Doe iets aan en met de taalwetgeving, N-VA!

De taalwetten in België zijn – in tegenstelling tot wat sommigen beweren – geen vehikel uit het verleden. Dat blijkt alleen al uit het feit dat ze op tal van plaatsen geschonden worden. En erger nog: dat daar niet tegen opgetreden wordt.

Tal van federale overheidsdiensten vertikken het om hun wettelijke taalkaders – die de cijfermatige verhouding tussen Vlaamse en Franstalige ambtenaren regelen – in orde te brengen. In Brussel zijn er overheidsdiensten zoals administraties, politiediensten, ziekenhuizen, hulpverleningsdiensten en dergelijke meer die niet alleen mensen in dienst hebben die geen Nederlands kennen, maar waar zelfs de tweetaligheid van de dienst al lang niet meer kan verzekerd worden. In gans het land zie je ondertussen meertalige opschriften, waarvan er enkele talen niet tot ons traditioneel patrimonium behoren. Denken we maar aan het Arabisch.

En ja, we hebben een Vaste Commissie voor Taaltoezicht (VCT) die taalklachten moet beoordelen en een overheid kan aanmanen om zich in orde te stellen met de taalwetgeving. Maar daar houdt het dan ook bij op. De VCT kan niets afdwingen. Meer nog: die commissie laat vaak zelfs andere talen toe ‘voor bepaalde anderstalige groepen’ of voor ‘nieuwkomers die nog geen enkele landstaal machtig zijn’. Zo verleg je natuurlijk alle grenzen en verwatert het nut van een coherente taalwetgeving. En zo werk je de integratie van mensen in onze taalgebieden ipso facto tégen. Kijk maar wat de bedoeling was in de randgemeenten rond Brussel: het zijn Vlaamse gemeenten, maar door het Frans er toe te laten wilde men de Franstaligen voorlopig nog de kans in hun eigen taal te communiceren teneinde hen langzaam te laten integreren in Vlaanderen. Het was als het ware een vriendelijke, uitnodigende gest. Het resultaat is er naar: de randgemeenten zijn verfranst en het Nederlands is er gemarginaliseerd. Niemand heeft zich aangepast. Geen enkele Franstalige heeft zich het Nederlands eigen gemaakt. Had men evenwel een uitdoofscenario voorzien, dan waren dit nog steeds door en door Vlaamse gemeenten. Moet het zover ook komen in Vlaanderen, maar dan met andere talen?

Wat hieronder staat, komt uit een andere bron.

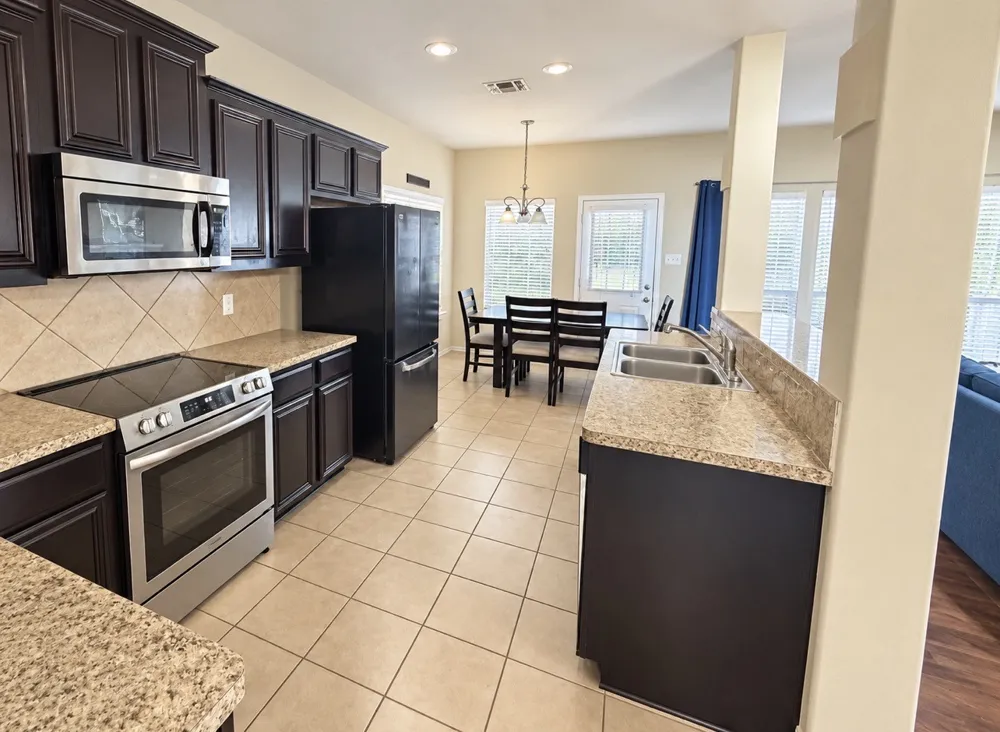 2104 Stonewood Drive Lancaster, TX 75134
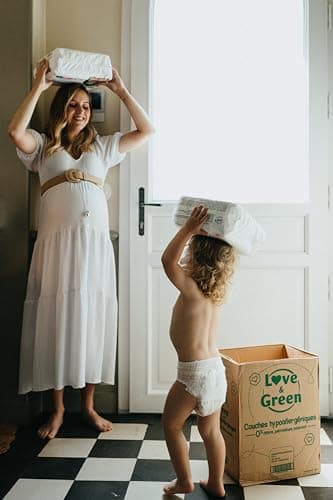 Love & Green - Couches Bébé Saines et Ecologiques - Taille 4 (7-14 Kg) - Pack 1 Mois (184 Couches) - Absorbante, anti-fuites et sans ingrédients indésirables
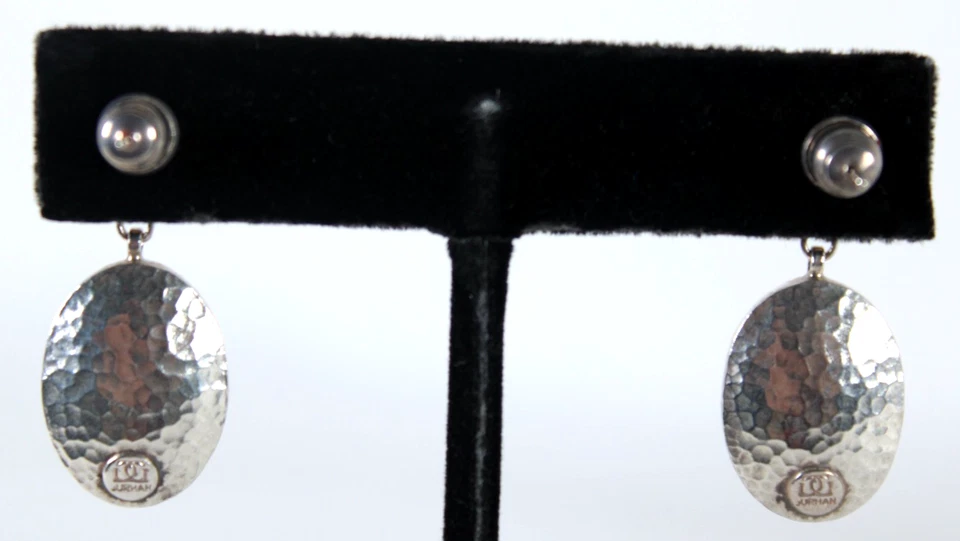 Pendientes colgantes de coral de plata de ley martillada y oro amarillo de 24 quilates GURHAN Foto 4 de 4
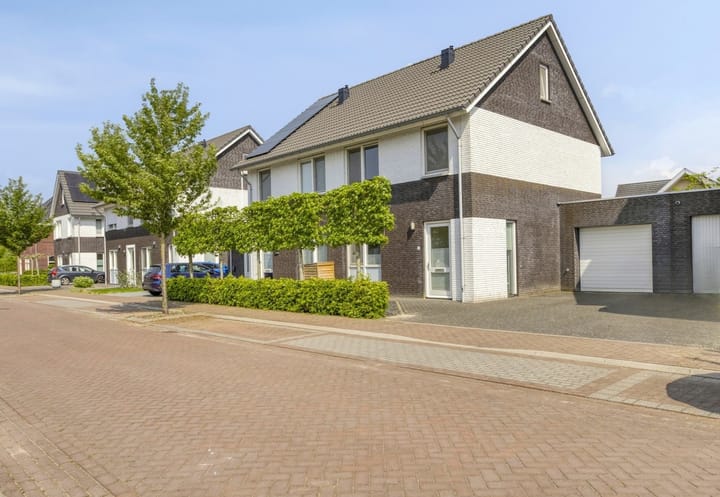 Foto 1 van Kamille 32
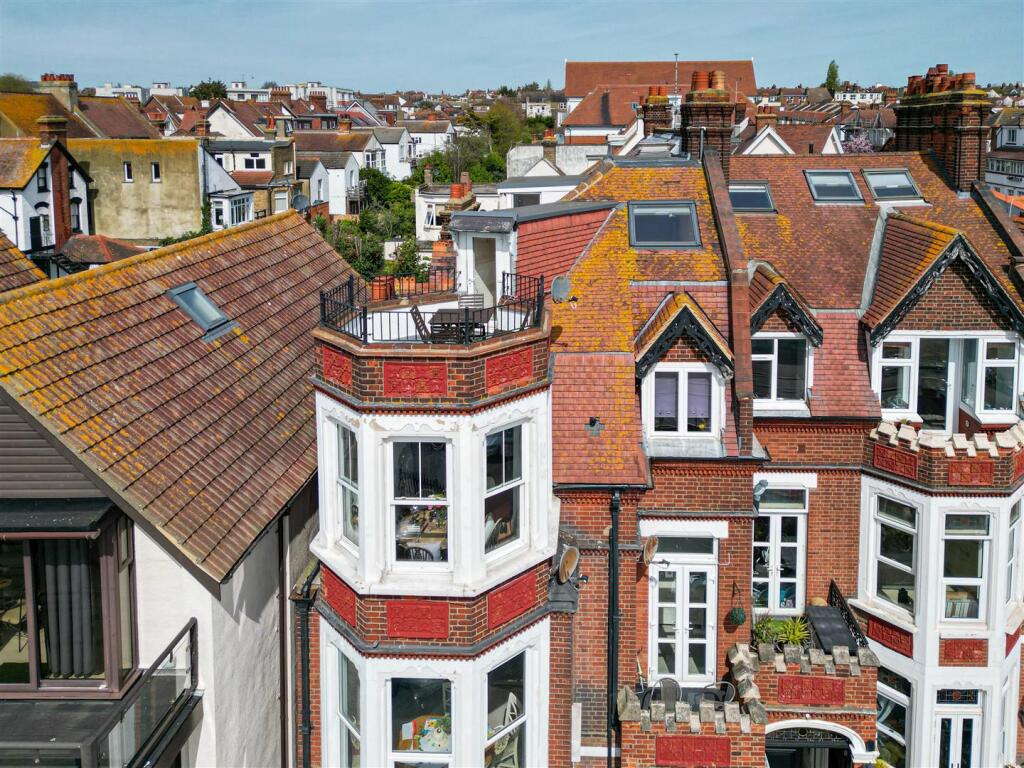 Main image of property: THE LEAS, Chalkwell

De toepassing van de taalwetgeving en het afdwingen ervan is een oud strijdpunt van het Vlaams Belang, en zal dat ook blijven. Ook voor de Volksunie destijds en de N-VA vandaag is de taalwetgeving belangrijk. Alleen stellen wij vast dat nu de N-VA in de federale regering de plak zwaait, er niets verandert.

Nochtans is het simpel. Om de taalwetgeving aan te passen – verstrengen bijvoorbeeld of afdwingbaar maken – is slechts een gewone meerderheid in de Kamer nodig. De taalwetten zijn wetten die al bestaan en die gewoon moeten toegepast en aangepast worden. Nu de grote communautaire dossiers in de koelkast zitten, zou het de pil wat kunnen vergulden door alvast eens orde op zaken te stellen op taalwetgevingsvlak.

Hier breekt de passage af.